_How to complete this task_. Starting from the line with "Spring Autumn Men", transcribe each line to the end of the records below. Copy them exactly and write nothing else.
Data to process Block Start
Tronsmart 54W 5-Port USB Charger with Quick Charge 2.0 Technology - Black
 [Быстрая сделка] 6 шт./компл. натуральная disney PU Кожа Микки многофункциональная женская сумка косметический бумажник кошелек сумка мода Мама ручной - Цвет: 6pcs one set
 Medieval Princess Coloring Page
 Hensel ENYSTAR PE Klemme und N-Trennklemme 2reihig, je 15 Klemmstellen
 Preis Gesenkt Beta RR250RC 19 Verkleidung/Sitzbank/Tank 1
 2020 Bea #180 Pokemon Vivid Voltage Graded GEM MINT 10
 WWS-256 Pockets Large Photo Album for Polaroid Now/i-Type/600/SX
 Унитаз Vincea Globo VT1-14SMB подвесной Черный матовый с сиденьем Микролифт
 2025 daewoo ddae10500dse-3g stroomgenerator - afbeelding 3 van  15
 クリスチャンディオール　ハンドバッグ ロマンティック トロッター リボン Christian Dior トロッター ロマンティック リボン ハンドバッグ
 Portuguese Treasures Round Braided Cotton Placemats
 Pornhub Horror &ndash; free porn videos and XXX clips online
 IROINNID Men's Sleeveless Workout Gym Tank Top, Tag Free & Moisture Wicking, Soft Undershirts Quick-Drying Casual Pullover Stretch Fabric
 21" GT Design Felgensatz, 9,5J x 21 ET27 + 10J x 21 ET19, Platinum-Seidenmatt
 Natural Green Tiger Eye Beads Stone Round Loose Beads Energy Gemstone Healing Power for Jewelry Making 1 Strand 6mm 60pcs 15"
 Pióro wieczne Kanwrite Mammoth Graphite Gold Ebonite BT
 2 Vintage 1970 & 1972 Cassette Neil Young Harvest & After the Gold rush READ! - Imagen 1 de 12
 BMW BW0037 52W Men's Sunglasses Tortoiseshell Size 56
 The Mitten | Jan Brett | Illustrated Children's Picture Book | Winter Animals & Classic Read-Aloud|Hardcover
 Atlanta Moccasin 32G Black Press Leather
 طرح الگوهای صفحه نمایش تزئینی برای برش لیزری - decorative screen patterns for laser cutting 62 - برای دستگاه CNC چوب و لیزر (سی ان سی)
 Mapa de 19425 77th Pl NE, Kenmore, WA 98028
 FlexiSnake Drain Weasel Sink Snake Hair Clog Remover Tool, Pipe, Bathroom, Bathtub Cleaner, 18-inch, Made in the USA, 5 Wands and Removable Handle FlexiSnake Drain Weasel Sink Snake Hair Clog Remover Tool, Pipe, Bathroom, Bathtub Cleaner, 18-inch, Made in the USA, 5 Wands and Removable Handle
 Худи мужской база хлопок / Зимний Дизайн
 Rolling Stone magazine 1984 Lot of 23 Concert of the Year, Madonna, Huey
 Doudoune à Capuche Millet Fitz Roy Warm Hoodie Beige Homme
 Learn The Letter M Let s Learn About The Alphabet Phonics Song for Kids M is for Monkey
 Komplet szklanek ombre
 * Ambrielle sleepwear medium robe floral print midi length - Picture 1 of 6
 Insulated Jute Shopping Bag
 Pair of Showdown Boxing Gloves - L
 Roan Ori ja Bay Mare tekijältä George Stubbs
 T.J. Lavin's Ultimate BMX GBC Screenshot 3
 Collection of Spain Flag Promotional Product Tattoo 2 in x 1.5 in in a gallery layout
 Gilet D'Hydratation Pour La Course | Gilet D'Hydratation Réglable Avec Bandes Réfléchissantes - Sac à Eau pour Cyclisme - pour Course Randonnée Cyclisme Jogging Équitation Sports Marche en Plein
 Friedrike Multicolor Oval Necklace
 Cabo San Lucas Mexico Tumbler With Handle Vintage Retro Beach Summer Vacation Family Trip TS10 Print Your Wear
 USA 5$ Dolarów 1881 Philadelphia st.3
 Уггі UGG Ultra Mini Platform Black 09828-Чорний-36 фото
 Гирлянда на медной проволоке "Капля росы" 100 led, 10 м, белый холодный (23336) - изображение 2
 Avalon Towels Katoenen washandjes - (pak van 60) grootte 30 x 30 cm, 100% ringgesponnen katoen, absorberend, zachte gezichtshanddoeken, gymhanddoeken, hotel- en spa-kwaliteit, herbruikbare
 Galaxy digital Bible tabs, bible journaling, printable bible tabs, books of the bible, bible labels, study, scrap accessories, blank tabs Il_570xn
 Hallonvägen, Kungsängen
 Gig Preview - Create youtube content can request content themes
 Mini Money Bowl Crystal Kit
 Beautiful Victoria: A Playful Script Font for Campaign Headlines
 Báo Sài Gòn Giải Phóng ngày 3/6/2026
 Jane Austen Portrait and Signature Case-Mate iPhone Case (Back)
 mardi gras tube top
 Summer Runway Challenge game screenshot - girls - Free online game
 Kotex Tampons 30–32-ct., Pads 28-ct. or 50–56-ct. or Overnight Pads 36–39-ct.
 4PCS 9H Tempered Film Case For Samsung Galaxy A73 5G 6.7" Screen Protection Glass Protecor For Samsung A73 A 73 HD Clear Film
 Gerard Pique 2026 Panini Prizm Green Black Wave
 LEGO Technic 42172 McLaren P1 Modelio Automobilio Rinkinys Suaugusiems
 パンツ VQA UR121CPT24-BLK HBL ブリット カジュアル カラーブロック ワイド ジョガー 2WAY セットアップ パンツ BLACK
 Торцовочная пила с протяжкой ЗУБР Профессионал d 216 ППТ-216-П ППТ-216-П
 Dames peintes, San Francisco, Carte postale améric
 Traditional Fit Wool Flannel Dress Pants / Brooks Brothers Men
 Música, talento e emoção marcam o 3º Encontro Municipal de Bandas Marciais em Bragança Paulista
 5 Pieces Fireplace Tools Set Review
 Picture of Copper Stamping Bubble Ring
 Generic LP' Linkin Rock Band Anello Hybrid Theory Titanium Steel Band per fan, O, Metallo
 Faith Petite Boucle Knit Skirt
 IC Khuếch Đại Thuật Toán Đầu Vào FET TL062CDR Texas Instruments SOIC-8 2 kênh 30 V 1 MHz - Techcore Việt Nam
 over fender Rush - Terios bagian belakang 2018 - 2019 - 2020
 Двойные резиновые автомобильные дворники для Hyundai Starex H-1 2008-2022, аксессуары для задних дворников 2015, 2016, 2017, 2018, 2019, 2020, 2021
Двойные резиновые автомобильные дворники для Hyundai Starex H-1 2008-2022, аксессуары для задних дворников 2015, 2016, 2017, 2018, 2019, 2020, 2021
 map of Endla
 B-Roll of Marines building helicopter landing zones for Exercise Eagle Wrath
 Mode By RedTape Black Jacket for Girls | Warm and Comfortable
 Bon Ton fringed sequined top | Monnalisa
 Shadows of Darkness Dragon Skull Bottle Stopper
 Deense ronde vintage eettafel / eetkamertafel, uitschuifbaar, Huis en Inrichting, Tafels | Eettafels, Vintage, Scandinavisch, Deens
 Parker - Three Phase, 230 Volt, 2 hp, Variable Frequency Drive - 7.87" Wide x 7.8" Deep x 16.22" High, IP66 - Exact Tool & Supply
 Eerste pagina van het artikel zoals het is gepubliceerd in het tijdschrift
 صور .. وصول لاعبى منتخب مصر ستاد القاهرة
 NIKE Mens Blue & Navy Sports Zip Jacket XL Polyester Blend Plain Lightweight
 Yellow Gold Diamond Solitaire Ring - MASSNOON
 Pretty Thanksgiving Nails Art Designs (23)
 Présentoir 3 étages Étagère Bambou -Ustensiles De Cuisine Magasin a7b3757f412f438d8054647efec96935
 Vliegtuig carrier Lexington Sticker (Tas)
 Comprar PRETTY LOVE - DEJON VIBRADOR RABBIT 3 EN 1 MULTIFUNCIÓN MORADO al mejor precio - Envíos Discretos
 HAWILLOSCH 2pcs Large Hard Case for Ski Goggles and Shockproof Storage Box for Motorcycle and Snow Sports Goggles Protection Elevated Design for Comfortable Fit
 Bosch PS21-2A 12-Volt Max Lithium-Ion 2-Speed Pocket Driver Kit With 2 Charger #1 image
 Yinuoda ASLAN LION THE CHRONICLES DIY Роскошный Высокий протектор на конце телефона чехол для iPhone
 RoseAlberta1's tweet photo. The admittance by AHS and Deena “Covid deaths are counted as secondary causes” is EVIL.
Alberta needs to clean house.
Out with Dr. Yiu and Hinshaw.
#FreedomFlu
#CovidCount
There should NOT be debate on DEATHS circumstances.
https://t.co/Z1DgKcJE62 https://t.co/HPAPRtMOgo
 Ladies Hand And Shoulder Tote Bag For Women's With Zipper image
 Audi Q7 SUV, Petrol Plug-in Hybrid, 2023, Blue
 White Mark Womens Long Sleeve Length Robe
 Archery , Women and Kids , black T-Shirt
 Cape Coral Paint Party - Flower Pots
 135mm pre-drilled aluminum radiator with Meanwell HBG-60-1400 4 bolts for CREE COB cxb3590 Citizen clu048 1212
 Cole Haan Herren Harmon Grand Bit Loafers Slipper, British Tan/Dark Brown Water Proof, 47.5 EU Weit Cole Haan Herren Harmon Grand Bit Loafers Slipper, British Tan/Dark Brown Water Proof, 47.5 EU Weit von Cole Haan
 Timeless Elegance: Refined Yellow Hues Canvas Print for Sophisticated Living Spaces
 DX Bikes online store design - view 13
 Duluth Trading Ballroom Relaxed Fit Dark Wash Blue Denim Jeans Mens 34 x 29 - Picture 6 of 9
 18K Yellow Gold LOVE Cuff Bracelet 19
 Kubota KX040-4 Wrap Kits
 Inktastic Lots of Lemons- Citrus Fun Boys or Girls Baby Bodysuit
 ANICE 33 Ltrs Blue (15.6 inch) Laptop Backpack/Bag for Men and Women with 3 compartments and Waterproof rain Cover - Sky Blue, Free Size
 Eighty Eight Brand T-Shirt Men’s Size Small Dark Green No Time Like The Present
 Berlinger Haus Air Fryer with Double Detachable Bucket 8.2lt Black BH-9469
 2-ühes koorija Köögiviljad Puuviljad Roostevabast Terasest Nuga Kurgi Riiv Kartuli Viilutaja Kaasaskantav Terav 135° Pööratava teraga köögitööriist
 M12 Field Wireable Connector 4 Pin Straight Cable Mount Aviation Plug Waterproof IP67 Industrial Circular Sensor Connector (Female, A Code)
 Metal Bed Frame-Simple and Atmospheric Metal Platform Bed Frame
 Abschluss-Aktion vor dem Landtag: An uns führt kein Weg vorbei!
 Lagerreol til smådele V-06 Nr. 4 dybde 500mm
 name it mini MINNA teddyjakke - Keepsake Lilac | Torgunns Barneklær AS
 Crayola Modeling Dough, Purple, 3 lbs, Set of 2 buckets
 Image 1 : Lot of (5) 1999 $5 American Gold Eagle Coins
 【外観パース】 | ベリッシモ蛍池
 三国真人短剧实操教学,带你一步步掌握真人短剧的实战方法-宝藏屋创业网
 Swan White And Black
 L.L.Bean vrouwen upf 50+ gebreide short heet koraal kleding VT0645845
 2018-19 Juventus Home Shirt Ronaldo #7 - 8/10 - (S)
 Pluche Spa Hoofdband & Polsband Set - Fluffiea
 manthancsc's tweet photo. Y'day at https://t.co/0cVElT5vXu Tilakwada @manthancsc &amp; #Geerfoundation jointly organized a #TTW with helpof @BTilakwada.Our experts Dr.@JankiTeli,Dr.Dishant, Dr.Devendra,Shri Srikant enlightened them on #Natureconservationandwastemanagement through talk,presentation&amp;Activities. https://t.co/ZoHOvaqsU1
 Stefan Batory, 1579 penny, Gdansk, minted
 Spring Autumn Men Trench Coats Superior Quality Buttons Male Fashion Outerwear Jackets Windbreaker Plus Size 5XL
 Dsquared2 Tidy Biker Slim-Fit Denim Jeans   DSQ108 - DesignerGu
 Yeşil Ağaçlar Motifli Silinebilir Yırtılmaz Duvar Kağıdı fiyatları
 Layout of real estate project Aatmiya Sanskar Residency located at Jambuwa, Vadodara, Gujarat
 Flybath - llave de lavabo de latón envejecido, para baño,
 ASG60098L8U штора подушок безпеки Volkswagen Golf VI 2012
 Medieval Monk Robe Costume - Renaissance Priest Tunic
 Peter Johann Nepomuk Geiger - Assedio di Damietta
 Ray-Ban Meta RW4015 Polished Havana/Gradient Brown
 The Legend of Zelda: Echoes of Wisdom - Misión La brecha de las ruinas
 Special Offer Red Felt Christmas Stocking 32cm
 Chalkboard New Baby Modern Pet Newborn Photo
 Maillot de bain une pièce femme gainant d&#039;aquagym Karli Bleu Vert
Data to process Block End
_Task result_.
 Spring Autumn Men Trench Coats Superior Quality Buttons Male Fashion Outerwear Jackets Windbreaker Plus Size 5XL
 Dsquared2 Tidy Biker Slim-Fit Denim Jeans   DSQ108 - DesignerGu
 Yeşil Ağaçlar Motifli Silinebilir Yırtılmaz Duvar Kağıdı fiyatları
 Layout of real estate project Aatmiya Sanskar Residency located at Jambuwa, Vadodara, Gujarat
 Flybath - llave de lavabo de latón envejecido, para baño,
 ASG60098L8U штора подушок безпеки Volkswagen Golf VI 2012
 Medieval Monk Robe Costume - Renaissance Priest Tunic
 Peter Johann Nepomuk Geiger - Assedio di Damietta
 Ray-Ban Meta RW4015 Polished Havana/Gradient Brown
 The Legend of Zelda: Echoes of Wisdom - Misión La brecha de las ruinas
 Special Offer Red Felt Christmas Stocking 32cm
 Chalkboard New Baby Modern Pet Newborn Photo
 Maillot de bain une pièce femme gainant d&#039;aquagym Karli Bleu Vert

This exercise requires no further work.